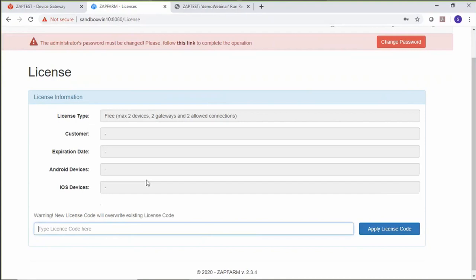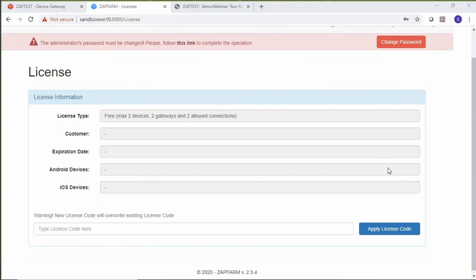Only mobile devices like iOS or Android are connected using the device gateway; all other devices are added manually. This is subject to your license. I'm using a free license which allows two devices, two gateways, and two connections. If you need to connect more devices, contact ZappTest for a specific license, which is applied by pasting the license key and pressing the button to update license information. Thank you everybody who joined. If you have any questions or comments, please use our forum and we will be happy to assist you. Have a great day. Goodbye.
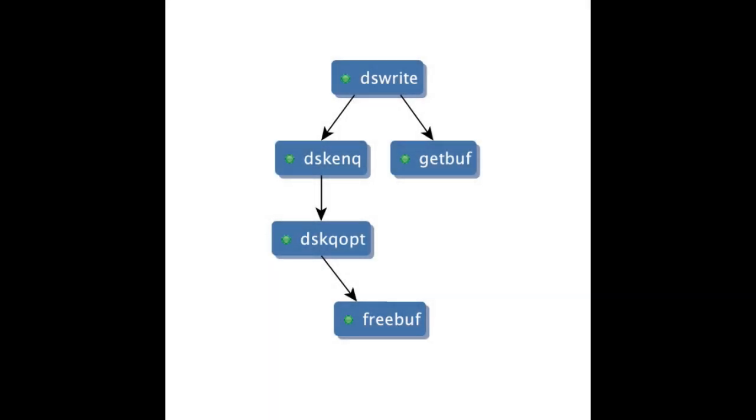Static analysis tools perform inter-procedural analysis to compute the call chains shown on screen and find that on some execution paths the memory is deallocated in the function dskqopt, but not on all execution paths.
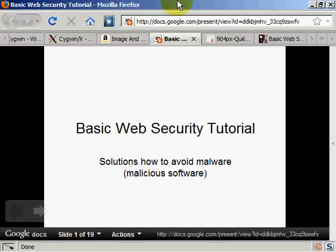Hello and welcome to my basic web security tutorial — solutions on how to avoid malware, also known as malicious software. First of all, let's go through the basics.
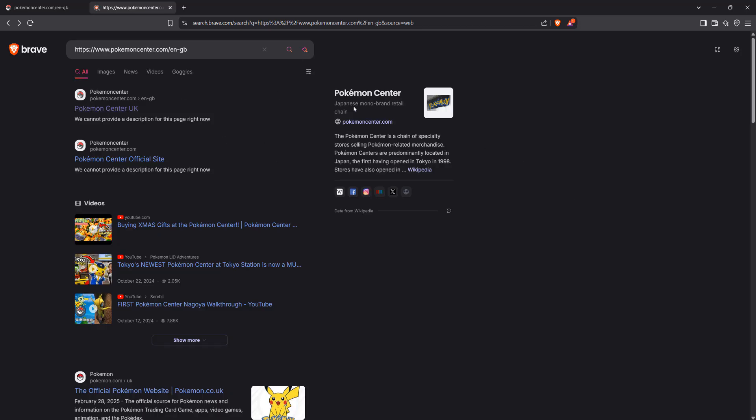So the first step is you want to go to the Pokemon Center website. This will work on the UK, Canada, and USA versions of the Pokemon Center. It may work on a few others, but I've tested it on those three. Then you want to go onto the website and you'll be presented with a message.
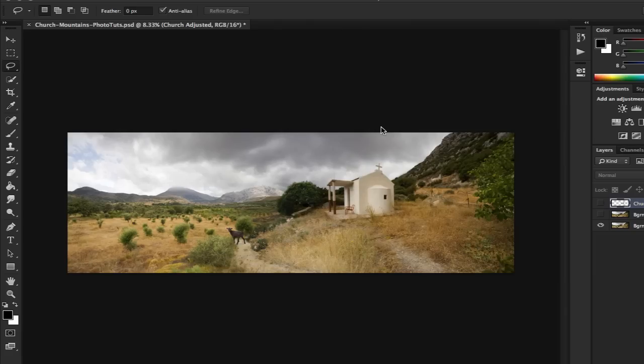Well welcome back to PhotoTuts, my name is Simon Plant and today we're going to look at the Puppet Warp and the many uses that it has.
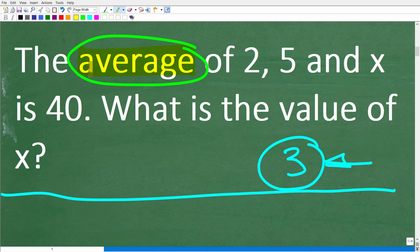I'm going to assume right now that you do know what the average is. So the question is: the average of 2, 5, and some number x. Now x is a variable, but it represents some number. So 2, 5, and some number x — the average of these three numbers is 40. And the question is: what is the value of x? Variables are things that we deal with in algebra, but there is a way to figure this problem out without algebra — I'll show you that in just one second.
-------
--- Work to complete ---
Pictures do not belong in the answer. Return the lines above starting at the one with "Static analysis tools" and ending at the one with "So the first", both kept, exactly.

--- Task result ---
Static analysis tools perform inter-procedural analysis to compute the call chains shown on screen and find that on some execution paths the memory is deallocated in the function dskqopt, but not on all execution paths.
Hello and welcome to my basic web security tutorial — solutions on how to avoid malware, also known as malicious software. First of all, let's go through the basics.
So the first step is you want to go to the Pokemon Center website. This will work on the UK, Canada, and USA versions of the Pokemon Center. It may work on a few others, but I've tested it on those three. Then you want to go onto the website and you'll be presented with a message.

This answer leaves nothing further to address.